Murder and Mayhem

Posted by The Hardest Question on Oct 2, 2011 6:22:53 AM

In new testament, Kings, resistance, evil, Debbie Blue, Featured, Boycott, Brutal, parable, party, YearA, Matthew, Bastards

Giving up the whole God-is-a-bastard thing.

By Debbie Blue

Gospel Reading: Matthew 22: 1-14

For Sunday, October 9, 2011: Year A—Ordinary 28

This parable is scary and violent. The king is petty, murderous and arbitrarily cruel. Who would want to go to his party?

Boycott and Resist

But people don’t normally refuse an offer from a king (or Don Corleone)-- even an awful paranoid king like Herod the Great who had little babies slaughtered, according to Matthew, executed his wife and sons according to Josephus (Caesar Augustus said, “it is better to be Herod’s pig than his son”). That the characters in this story boycott the king makes them seem a little brave.

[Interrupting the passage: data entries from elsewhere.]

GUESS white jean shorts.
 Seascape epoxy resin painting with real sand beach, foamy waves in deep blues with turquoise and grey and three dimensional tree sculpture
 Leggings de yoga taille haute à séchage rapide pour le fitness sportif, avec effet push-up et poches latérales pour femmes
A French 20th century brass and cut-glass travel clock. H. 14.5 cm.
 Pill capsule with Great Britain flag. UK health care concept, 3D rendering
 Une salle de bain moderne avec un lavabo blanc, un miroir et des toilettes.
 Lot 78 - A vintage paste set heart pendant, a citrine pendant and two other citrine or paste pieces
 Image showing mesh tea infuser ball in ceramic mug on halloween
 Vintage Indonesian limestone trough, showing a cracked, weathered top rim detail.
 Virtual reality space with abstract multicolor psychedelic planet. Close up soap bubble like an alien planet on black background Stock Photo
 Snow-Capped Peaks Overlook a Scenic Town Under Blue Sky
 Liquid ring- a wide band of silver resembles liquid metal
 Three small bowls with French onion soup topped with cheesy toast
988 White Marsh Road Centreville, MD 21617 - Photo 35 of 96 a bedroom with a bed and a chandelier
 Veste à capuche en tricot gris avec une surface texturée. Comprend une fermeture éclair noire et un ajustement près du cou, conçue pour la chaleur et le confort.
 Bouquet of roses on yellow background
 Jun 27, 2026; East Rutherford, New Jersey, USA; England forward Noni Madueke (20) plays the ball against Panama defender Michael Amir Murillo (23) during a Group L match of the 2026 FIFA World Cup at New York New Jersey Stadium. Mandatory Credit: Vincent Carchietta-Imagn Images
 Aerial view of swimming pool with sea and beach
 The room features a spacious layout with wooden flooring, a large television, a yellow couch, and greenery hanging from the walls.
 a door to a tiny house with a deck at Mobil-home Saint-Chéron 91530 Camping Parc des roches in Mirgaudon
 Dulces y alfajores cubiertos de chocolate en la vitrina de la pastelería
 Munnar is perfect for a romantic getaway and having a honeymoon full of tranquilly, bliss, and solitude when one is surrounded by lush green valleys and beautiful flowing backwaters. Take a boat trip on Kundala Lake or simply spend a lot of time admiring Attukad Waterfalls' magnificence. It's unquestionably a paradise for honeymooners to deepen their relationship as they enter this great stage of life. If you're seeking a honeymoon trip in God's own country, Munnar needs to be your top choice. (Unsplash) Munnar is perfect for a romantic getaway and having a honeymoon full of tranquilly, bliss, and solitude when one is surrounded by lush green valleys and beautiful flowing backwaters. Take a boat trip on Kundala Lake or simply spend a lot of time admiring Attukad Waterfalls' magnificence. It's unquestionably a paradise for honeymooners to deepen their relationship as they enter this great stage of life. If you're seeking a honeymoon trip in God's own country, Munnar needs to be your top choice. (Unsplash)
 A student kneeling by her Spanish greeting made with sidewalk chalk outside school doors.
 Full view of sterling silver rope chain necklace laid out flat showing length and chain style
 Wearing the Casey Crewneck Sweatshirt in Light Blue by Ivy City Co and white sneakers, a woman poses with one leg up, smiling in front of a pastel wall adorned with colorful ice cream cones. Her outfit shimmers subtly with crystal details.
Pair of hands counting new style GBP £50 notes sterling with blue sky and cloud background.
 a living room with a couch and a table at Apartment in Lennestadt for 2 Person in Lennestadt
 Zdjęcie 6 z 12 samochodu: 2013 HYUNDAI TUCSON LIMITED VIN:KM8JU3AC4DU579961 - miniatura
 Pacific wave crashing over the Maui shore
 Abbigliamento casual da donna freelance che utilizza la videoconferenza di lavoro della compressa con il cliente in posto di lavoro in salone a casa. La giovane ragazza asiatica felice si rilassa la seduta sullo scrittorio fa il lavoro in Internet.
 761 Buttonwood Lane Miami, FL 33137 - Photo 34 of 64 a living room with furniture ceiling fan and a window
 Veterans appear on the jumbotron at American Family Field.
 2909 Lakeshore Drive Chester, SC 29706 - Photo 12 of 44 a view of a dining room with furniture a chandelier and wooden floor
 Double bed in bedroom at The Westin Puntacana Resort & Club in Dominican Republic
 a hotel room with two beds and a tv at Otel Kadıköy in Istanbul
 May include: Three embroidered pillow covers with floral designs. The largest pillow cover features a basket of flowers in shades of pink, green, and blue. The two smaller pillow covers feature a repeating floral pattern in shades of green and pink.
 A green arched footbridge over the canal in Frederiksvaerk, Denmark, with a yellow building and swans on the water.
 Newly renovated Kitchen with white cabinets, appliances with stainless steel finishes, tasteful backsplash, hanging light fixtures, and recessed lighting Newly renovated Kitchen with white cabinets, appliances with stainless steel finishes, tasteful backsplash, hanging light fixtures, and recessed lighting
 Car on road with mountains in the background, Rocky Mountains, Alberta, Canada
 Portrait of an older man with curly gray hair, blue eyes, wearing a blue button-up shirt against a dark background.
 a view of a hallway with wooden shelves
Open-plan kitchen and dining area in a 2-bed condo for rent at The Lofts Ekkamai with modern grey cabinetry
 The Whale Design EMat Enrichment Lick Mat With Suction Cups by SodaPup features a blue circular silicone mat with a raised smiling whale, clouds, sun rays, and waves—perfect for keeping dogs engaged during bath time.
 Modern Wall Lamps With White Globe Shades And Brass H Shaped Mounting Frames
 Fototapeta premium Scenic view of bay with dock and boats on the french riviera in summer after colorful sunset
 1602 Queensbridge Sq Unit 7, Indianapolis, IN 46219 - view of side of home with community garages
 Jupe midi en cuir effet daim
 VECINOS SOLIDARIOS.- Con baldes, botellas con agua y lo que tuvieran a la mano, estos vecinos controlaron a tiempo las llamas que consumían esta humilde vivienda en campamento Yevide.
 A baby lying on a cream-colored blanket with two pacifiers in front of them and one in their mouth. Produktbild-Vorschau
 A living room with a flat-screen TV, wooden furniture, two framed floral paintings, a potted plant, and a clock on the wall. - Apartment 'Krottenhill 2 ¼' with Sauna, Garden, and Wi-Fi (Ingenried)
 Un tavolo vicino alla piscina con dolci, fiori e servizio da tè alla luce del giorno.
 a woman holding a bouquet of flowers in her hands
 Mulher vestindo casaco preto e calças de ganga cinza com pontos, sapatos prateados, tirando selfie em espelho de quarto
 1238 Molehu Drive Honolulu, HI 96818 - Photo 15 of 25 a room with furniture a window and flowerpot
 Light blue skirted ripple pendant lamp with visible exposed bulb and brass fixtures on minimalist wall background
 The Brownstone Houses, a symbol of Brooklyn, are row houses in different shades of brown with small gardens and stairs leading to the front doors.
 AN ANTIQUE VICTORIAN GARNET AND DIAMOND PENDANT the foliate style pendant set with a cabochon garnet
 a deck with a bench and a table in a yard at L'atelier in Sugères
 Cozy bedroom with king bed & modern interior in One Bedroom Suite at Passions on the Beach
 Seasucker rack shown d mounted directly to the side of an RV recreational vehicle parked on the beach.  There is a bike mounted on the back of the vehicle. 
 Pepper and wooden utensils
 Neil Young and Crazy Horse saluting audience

Some hearers of this story must have been attracted to the characters that refuse to dance when the king calls. Their kings were minions of the Roman Empire and they weren’t very nice. The way of God’s people has always been to resist the summons of worldly power. I feel a little sorry for the king that no one wanted to come to his party, but he is a bully. I like The Resistance.

Choking on the Fat Calf

But then the rebels disappoint. They treat the king’s slaves shamefully and kill them. No one looks very good in this story. It’s a familiar one.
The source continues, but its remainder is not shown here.